── Data supplied

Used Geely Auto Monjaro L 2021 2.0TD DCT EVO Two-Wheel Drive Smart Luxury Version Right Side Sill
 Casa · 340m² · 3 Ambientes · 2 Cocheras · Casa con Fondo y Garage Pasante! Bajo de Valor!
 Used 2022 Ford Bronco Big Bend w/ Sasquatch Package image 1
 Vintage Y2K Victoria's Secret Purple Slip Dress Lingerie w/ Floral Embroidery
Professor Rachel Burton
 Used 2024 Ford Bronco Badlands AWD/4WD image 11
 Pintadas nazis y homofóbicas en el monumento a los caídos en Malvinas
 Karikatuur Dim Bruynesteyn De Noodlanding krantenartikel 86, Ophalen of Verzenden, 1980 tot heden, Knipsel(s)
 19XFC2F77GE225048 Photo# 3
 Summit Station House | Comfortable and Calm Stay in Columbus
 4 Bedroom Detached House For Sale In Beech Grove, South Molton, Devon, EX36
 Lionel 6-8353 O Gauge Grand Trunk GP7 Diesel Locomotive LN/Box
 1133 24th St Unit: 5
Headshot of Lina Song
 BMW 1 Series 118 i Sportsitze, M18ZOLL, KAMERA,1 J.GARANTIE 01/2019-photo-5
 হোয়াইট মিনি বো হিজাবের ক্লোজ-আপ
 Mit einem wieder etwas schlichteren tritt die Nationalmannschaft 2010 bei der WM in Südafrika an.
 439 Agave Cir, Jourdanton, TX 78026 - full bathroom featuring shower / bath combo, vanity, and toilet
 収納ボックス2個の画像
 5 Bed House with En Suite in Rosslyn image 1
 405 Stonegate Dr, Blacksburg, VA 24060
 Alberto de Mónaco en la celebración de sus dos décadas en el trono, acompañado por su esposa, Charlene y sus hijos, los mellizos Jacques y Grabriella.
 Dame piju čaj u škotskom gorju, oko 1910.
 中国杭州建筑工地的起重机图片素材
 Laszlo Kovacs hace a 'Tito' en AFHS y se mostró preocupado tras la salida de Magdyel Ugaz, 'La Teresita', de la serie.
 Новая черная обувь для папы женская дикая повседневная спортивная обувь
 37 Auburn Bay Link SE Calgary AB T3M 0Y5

────

Exercise objective = Once the line containing "Dame piju čaj u škotskom gorju, oko 1910." is found, output it and each line after it through the end of the listing above, exactly, with nothing else.

Result =
 Dame piju čaj u škotskom gorju, oko 1910.
 中国杭州建筑工地的起重机图片素材
 Laszlo Kovacs hace a 'Tito' en AFHS y se mostró preocupado tras la salida de Magdyel Ugaz, 'La Teresita', de la serie.
 Новая черная обувь для папы женская дикая повседневная спортивная обувь
 37 Auburn Bay Link SE Calgary AB T3M 0Y5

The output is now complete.